Las pantallas en sí no son buenas ni malas, el peligro reside en su uso demasiado temprano, desregulado y excesivo. Ningún niño las necesita antes de los tres años. La tecnología a edades demasiado tempranas pone en riesgo el aprendizaje de habilidades sensibles y fundamentales, como la empatía, que es la que nos permite ponernos en lugar del otro y ajustar nuestros pensamientos, actitudes y acciones de manera acorde.
Es solo a través del juego, conectados con otra persona, que aprendemos a socializar y a establecer las bases de la inteligencia emocional. Por eso, el mejor juguete para un niño en sus primeros años es otro ser humano: alegre, curioso y creativo. Las pantallas, pueden mejorar las habilidades de motricidad fina de los más pequeños o la retención de información, pero lo hacen de manera aislada, lo cual incrementa el riesgo de fragmentar la experiencia de aprendizaje y el ensimismamiento.
El bebé, desde que nace, está atento a descifrar el mundo aprendiendo a diferenciar y a relacionar tonos de voz, gestos, actitudes corporales, intenciones y hechos. A través de múltiples canales sensoriales, el adulto y el bebé se conectan de la misma manera que un Bluetooth. Un mar de información sensorial, emocional y cognitiva fluye entre ellos. Información que es profundamente interactiva y que nos modifica todo el tiempo. Esta información resulta vital para el desarrollo temprano de nuestras cualidades humanas más sutiles.

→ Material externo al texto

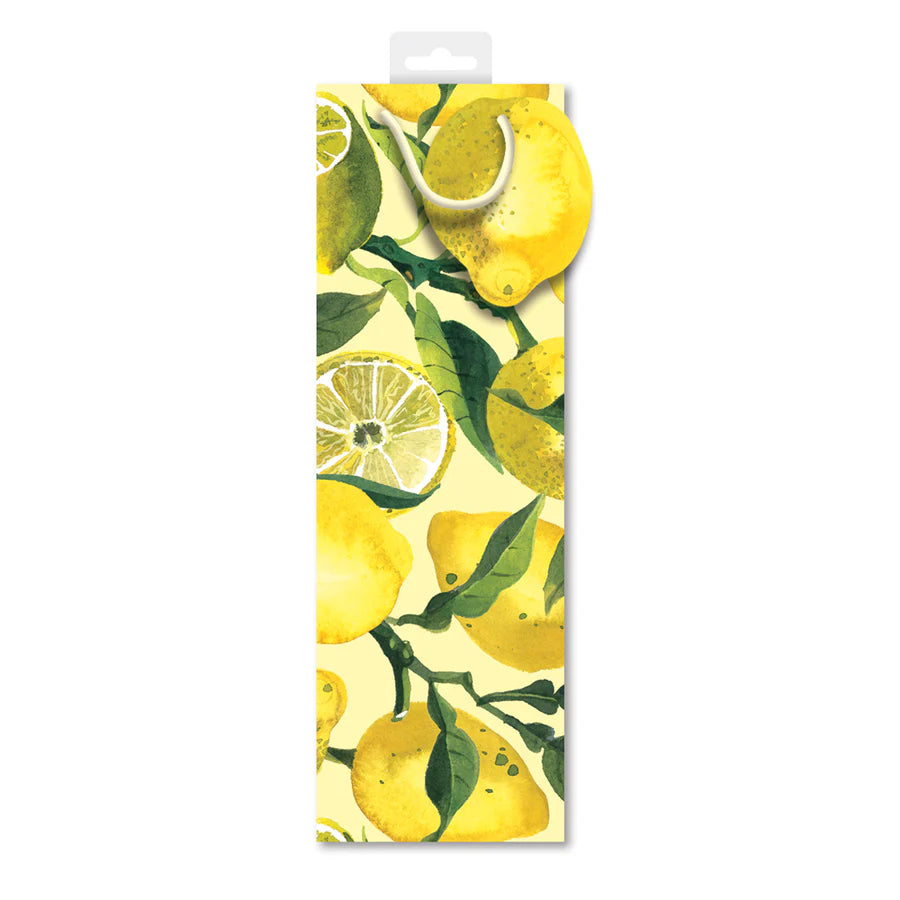 Emma Bridgewater Garden Lemons Bottle Gift Bag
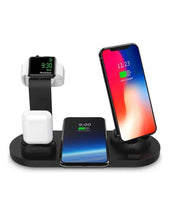 Load image into Gallery viewer, Multi-device wireless charging stand.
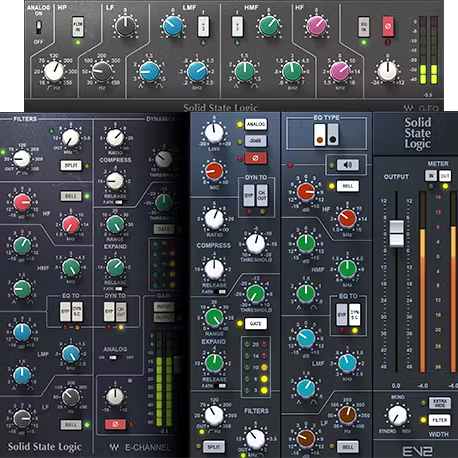 Guia Definitivo dos Plugins Solid State Logic: Do Console Analógico ao DAW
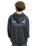 The Quiksilver Boys Boys Apog Heritage Hoodie in Iron Gate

Cualidades que son clave para generar y habitar estados crecientes de amor, empatía, compasión, alegría y paz y, también, para comprender y aprender de nuestros enojos, tristezas, envidias y codicias.
La exposición precoz y excesiva a la tecnología y a las pantallas, sobreestimulan los sistemas visuales y auditivos, limitando la maduración de determinadas funciones de la atención, la voluntad, la creatividad, la imaginación y el juego simbólico, que son los pilares del sentido común y la inteligencia emocional.